If we're not trying to optimise for the entire process going down, then
we definitely don't want my CPU pinning idea.
Junxiao Bi June 22, 2020, 5:16 p.m. UTC | #11
On 6/22/20 8:20 AM, ebiederm@xmission.com wrote:

> If I understand correctly, the Java VM is not exiting.  Just some of
> it's threads.
>
> That is a very different problem to deal with.  That are many
> optimizations that are possible when_all_  of the threads are exiting
> that are not possible when_many_  threads are exiting.
>
> Do you know if it is simply the cpu time or if it is the lock contention
> that is the problem?  If it is simply the cpu time we should consider if
> some of the locks that can be highly contended should become mutexes.
> Or perhaps something like Matthew's cpu pinning idea.

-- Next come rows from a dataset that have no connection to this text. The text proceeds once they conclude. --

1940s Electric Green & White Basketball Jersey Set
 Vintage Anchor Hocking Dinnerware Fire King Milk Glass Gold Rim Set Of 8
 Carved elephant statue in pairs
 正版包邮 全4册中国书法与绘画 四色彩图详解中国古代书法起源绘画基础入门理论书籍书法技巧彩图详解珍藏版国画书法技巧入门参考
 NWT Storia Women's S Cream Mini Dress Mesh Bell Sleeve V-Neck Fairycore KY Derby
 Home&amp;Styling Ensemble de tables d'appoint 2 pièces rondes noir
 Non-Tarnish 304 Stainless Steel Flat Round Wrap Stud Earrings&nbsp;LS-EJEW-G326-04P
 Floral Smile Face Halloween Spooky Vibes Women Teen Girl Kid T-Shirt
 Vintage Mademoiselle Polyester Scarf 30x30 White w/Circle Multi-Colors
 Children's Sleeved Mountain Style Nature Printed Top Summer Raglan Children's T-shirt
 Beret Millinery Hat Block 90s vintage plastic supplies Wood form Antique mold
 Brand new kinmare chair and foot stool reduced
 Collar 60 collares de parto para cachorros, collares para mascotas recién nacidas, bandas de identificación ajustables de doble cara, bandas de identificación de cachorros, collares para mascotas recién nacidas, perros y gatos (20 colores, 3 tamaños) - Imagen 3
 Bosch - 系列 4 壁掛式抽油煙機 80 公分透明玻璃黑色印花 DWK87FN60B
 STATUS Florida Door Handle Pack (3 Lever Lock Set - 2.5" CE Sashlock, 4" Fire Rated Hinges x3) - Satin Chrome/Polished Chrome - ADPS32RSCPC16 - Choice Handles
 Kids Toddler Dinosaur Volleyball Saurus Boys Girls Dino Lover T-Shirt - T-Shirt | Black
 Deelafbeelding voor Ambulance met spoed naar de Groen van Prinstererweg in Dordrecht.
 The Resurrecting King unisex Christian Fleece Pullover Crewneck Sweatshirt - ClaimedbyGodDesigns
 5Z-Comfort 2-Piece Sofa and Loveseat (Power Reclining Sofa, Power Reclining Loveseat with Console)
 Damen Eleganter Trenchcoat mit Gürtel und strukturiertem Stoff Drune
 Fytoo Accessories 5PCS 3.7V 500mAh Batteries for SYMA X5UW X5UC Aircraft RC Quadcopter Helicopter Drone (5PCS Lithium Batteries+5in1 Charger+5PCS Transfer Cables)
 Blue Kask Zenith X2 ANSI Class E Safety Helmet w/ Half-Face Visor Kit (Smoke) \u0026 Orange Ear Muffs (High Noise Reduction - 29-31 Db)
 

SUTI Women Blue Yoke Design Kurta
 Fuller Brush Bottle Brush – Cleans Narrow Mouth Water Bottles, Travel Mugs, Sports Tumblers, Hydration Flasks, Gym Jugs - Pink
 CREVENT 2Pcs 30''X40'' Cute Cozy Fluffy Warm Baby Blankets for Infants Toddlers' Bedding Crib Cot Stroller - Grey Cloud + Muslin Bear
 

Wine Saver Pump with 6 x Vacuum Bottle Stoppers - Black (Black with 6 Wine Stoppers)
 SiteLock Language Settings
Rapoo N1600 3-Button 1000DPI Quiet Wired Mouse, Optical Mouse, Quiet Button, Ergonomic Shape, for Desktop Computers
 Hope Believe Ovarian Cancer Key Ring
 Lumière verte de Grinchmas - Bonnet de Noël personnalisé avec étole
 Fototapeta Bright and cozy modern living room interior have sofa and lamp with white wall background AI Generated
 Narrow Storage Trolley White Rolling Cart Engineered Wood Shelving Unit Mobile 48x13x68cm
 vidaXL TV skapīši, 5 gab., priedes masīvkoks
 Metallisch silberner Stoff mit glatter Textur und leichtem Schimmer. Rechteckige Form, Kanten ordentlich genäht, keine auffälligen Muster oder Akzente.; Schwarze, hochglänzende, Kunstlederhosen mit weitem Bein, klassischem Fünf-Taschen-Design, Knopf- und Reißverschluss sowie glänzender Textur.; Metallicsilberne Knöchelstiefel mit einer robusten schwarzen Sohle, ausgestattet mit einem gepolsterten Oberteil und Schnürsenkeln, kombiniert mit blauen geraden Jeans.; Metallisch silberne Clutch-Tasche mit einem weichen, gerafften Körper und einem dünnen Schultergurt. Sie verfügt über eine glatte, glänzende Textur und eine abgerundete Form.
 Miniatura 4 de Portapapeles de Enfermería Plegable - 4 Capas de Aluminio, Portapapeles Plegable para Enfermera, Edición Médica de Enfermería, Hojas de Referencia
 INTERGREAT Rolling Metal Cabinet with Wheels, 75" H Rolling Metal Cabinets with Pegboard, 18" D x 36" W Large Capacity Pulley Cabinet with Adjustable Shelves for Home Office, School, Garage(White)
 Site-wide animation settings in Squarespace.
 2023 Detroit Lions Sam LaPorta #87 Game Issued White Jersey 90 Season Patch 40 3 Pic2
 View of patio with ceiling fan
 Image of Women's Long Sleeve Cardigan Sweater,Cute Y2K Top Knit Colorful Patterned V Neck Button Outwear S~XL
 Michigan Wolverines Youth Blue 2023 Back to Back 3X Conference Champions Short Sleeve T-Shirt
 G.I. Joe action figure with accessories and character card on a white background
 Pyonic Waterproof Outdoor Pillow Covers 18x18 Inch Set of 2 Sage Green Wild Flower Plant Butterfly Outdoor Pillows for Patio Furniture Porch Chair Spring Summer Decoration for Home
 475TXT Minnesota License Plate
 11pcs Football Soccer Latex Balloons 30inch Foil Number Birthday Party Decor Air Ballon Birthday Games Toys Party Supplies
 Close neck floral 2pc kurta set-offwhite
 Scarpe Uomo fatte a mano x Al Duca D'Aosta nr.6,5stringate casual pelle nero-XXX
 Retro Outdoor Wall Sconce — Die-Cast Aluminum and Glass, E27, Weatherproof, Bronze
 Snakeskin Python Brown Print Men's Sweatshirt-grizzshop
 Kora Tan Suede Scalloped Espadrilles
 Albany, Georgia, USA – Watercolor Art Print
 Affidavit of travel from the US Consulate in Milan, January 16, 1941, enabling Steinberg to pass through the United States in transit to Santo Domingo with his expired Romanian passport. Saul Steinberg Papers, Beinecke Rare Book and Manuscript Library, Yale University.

The problem is high %sys time.

Thanks,

Junxiao.
Matthew Wilcox (Oracle) June 23, 2020, 12:47 a.m. UTC | #12
On Sun, Jun 21, 2020 at 10:15:39PM -0700, Junxiao Bi wrote:
> On 6/20/20 9:27 AM, Matthew Wilcox wrote:
> > On Fri, Jun 19, 2020 at 05:42:45PM -0500, Eric W. Biederman wrote:
> > > Junxiao Bi <junxiao.bi@oracle.com> writes:
> > > > Still high lock contention. Collect the following hot path.
> > > A different location this time.
> > > 
> > > I know of at least exit_signal and exit_notify that take thread wide
> > > locks, and it looks like exit_mm is another.  Those don't use the same
> > > locks as flushing proc.
> > > 
> > > 
> > > So I think you are simply seeing a result of the thundering herd of
> > > threads shutting down at once.  Given that thread shutdown is fundamentally
> > > a slow path there is only so much that can be done.
> > > 
> > > If you are up for a project to working through this thundering herd I
> > > expect I can help some.  It will be a long process of cleaning up
> > > the entire thread exit process with an eye to performance.
> > Wengang had some tests which produced wall-clock values for this problem,
> > which I agree is more informative.
> > 
> > I'm not entirely sure what the customer workload is that requires a
> > highly threaded workload to also shut down quickly.  To my mind, an
> > overall workload is normally composed of highly-threaded tasks that run
> > for a long time and only shut down rarely (thus performance of shutdown
> > is not important) and single-threaded tasks that run for a short time.
> 
> The real workload is a Java application working in server-agent mode, issue
> happened in agent side, all it do is waiting works dispatching from server
> and execute. To execute one work, agent will start lots of short live
> threads, there could be a lot of threads exit same time if there were a lots
> of work to execute, the contention on the exit path caused a high %sys time
> which impacted other workload.

How about this for a micro?  Executes in about ten seconds on my laptop.
You might need to tweak it a bit to get better timing on a server.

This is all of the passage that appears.